Task description: Every line below from the one containing "HD video streaming" through the one containing "Thumbnail 3 in" is to be printed exactly, with the pictures omitted.

Material to process:
--------
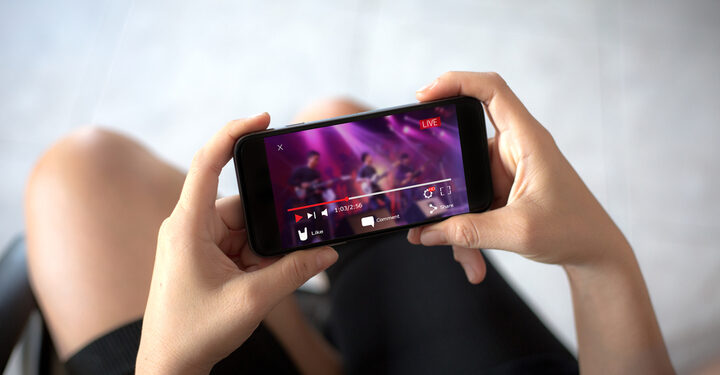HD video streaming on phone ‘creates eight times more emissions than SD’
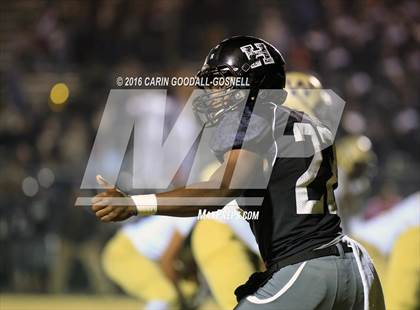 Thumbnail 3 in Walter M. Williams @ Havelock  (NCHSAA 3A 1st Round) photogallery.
--------
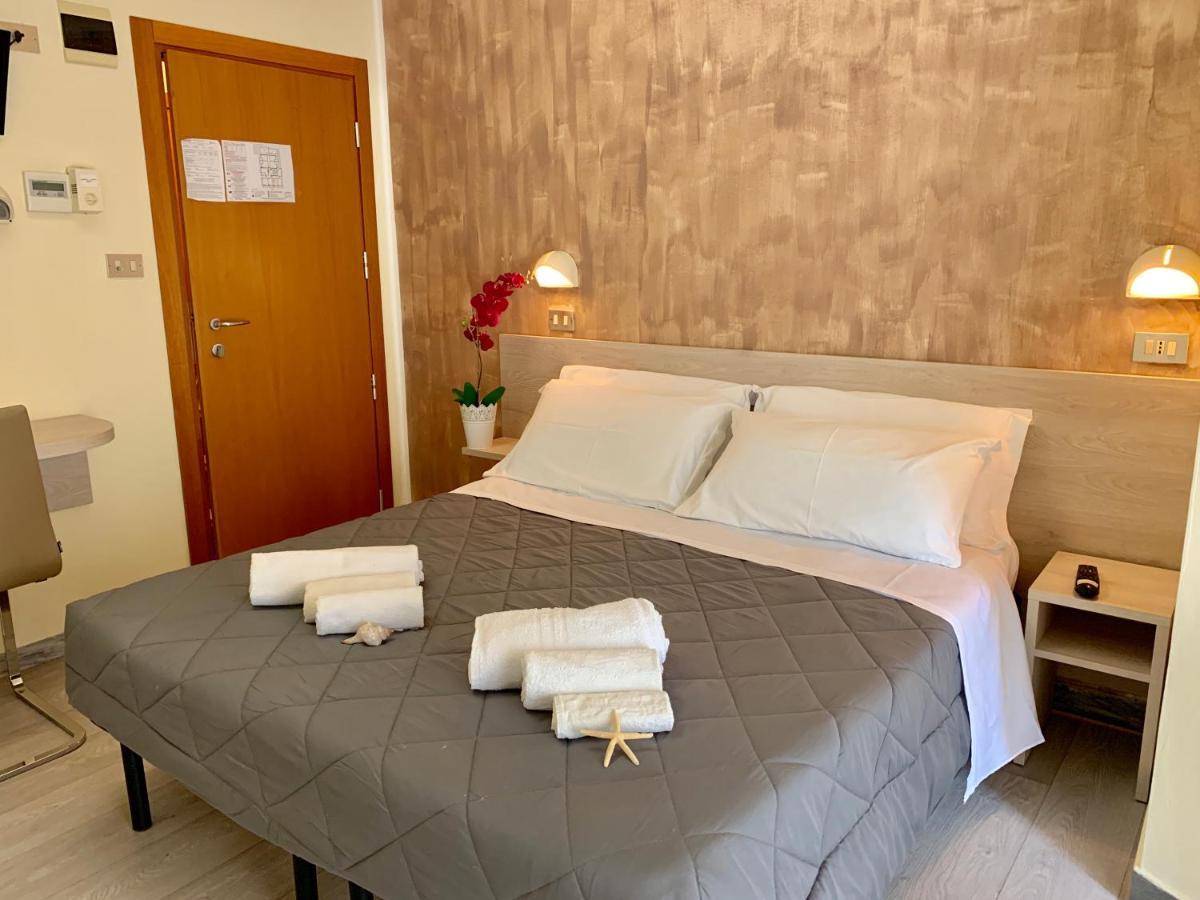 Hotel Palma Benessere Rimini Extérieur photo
--------
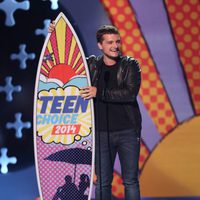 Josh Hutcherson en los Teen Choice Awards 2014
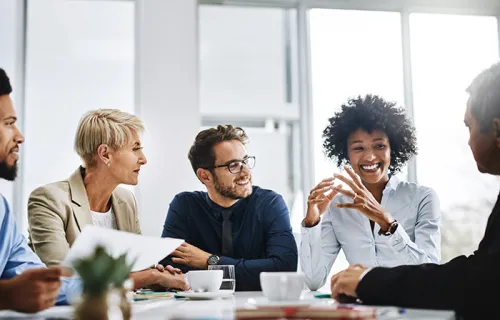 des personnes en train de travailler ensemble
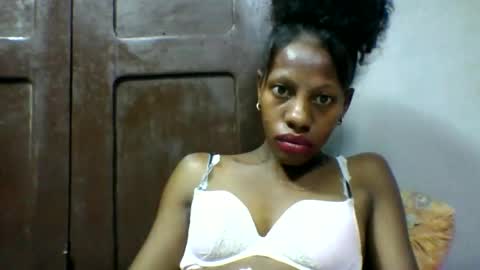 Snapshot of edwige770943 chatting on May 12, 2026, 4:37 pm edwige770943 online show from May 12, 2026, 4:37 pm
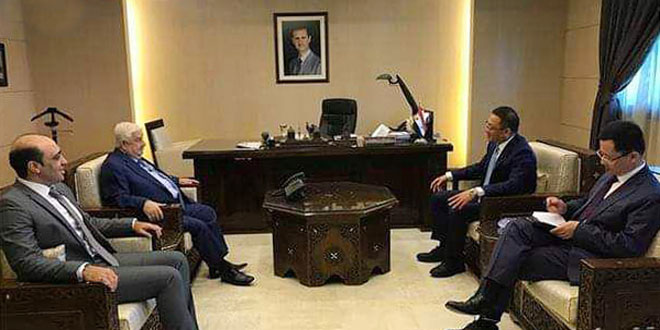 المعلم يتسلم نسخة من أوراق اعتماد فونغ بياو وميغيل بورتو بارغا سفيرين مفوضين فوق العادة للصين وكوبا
--------
Answer box:
HD video streaming on phone ‘creates eight times more emissions than SD’
 Thumbnail 3 in Walter M. Williams @ Havelock  (NCHSAA 3A 1st Round) photogallery.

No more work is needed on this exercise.